Anyways, I've been really frustrated with the goat, last week, 2 days after I bought it, someone backed into the quarter panel. Still trying to get that resolved...

Anyway, focus on the topic...
Before the accident, I just got the idea, "Why not add some purple ice?" I've had some fairly good results with previous vehicles cooling systems and this product so I went and picked one up and poured it in. It was only a while later I read that the LS2 was sporting Dexcool, something or other. I went and checked and sure enough, it's red. I've read that messing with the cooling system can cause poor performance/premature corrosion etc.etc.etc.

The Question is:
Do I need to find some way to undo what I've done or am I fretting over nothing? :confused

Thanks for your help.



edit: Also, a couple things I just remembered, I checked my oil level and it's fine, just changed it last week, but I'm hearing a lot of chatter from under the valve covers... is this normal? I haven't really owned it long enough to have noticed anything different. Engine shakes? I've heard that because of something with the motor mounts, they wobble a bit, but I don't know for sure.


----------



## jpalamar (Jul 22, 2008)

Our engine is loud. It is probally normal. Our car is designed for Dexcool, but I don't thinking adding the ice stuff will really hurt it.


----------



## GTOgasm (Oct 8, 2009)

*oil*

the reason I was worried about the engine noise is because even after the oil change, I've seen the "check oil" message on the DIC. I've reset the service system both ways (pedal and holding down the up/down buttons) but every now and then it will throw it up. No CEL, and it's only when I give it a lot of gas. 

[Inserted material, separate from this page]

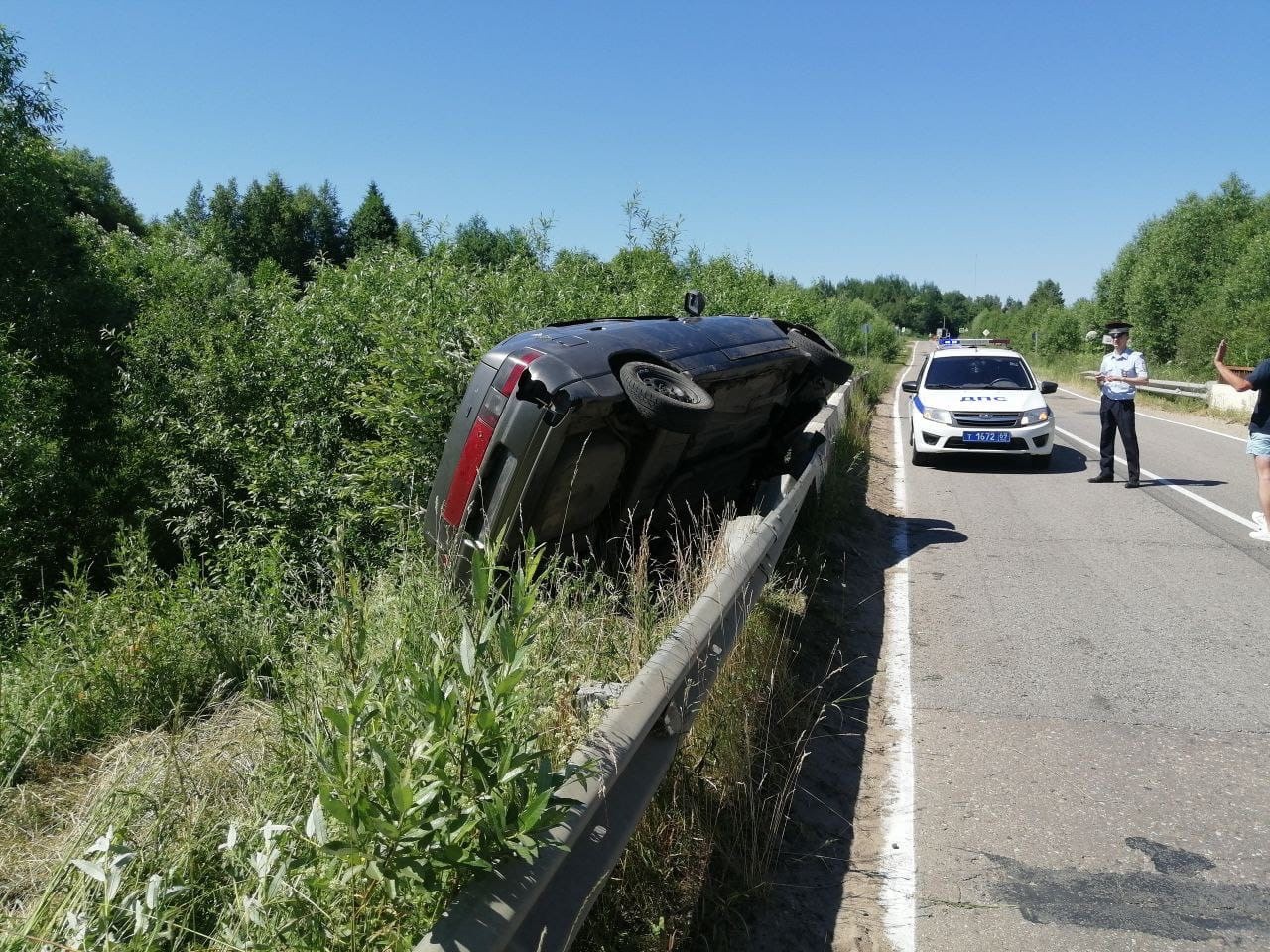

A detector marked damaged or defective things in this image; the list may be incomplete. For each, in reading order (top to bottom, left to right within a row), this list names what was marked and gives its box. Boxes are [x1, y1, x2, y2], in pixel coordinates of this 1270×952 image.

overturned dark car [424, 294, 853, 571]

I'm gonna let it warm up for a while, take it for a spin, and see if I can get any more info.


thx jpalamar


----------



## jpalamar (Jul 22, 2008)

GTOgasm said:


> the reason I was worried about the engine noise is because even after the oil change, I've seen the "check oil" message on the DIC. I've reset the service system both ways (pedal and holding down the up/down buttons) but every now and then it will throw it up. No CEL, and it's only when I give it a lot of gas.
> 
> I'm gonna let it warm up for a while, take it for a spin, and see if I can get any more info.
> 
> ...


My service engine oil light is dumb. It turns on even when I do fresh changes and reset it sometimes. It always gets me paranoid for a second though. But lateast I check my oil. LS motors can burn oil too. Its happened to many people before also so always keep in eye out.


----------



## GTO JUDGE (May 14, 2005)

According to the product description it says it's compatible with DEX-COOL. It states what it does. At factory an additive is added to the radiator to do the similar thing the Royal Purple does. IMO for a new motor its a waste of money especially since an additive was already installed, unless of course the radiator was flushed and you feel you need to add this. 

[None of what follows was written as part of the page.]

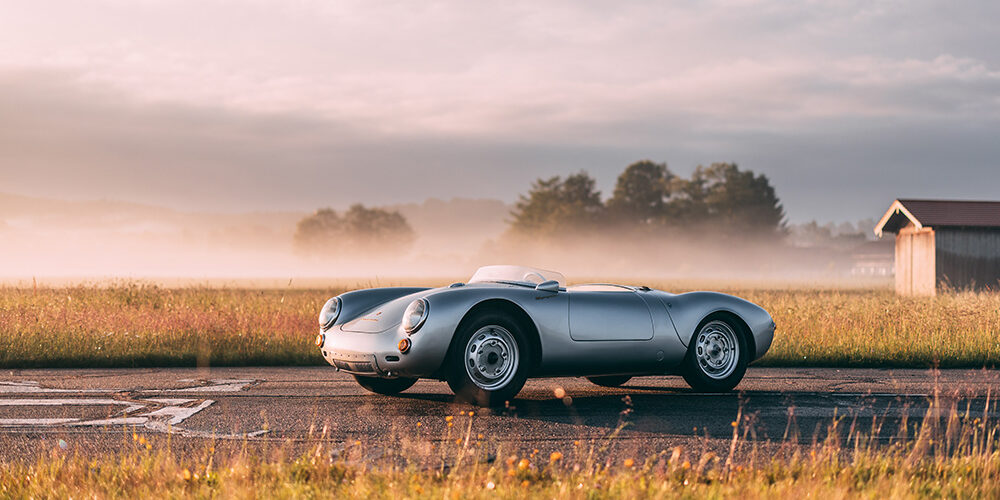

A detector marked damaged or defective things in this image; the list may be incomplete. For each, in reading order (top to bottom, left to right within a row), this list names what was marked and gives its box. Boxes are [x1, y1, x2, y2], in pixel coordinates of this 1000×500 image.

cracked asphalt [1, 366, 1000, 462]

The manual doesn't address an additive such as this or Water Wetter it only addresses the use of a coolant other than DEX-COOL. I wouldn't worry about the addition of the Purple Ice.

As far as resetting the oil change service light, its 3 pumps NOT 2 as indicated in the manual. If the light still lights I'd take it to the dealer and they can reset it with their scanner and IF there is something else going on it will give a fault code and you'll know for sure. Personally I wouldn't dismiss an engine alert light. Better safe than sorry.


----------



## GTOgasm (Oct 8, 2009)

Ok, well, it was only like $15, no biggie.

as far as the service light, (just to make sure our information is the same), it would flash the words "check oil" and have a picture of an old style oil can, not "service oil" which I believe means you need to change your oil.

did this shed new light?


----------



## GTO JUDGE (May 14, 2005)

GTOgasm said:


> Ok, well, it was only like $15, no biggie.
> 
> as far as the service light, (just to make sure our information is the same), it would flash the words "check oil" and have a picture of an old style oil can, not "service oil" which I believe means you need to change your oil.
> 
> did this shed new light?


Sounds like your getting an oil system alert... take it to the dealer and have them place their scanner on it, it will reset it. You can also try disconnecting the - battery cable for a minute or so and see if it works but I doubt it will.


----------



## Poncho Dan (Jun 30, 2009)

GTOgasm said:


> Engine shakes?


Nothing wrong there... my guess is you're new to high cube V8s? Also, the LS platform has a noisy valvetrain (like all GM, in my experience) so some tappet noise is to be expected.

I noticed alot of engine noise goes away (like what they claim is piston slap) if I roll down the windows, I wonder if the body transfers a lot of sound into the cabin that normally wouldn't be there...


----------



## GTOgasm (Oct 8, 2009)

*oil*

Not to revive a dead thread, but I just wanted to follow up on the Check Oil message. Took it to the dealer, and the oil pressure sensor had a small leak. Had it switched out and cleaned up, so if anyone else has this problem, CHECK THE PRESSURE SENSOR. I felt kinda dumb.


----------



## GTO JUDGE (May 14, 2005)

GTOgasm said:


> Not to revive a dead thread, but I just wanted to follow up on the Check Oil message. Took it to the dealer, and the oil pressure sensor had a small leak. Had it switched out and cleaned up, so if anyone else has this problem, CHECK THE PRESSURE SENSOR. I felt kinda dumb.


Thanx for updating .... This is one reason why its not wise to dismiss a warning light.


----------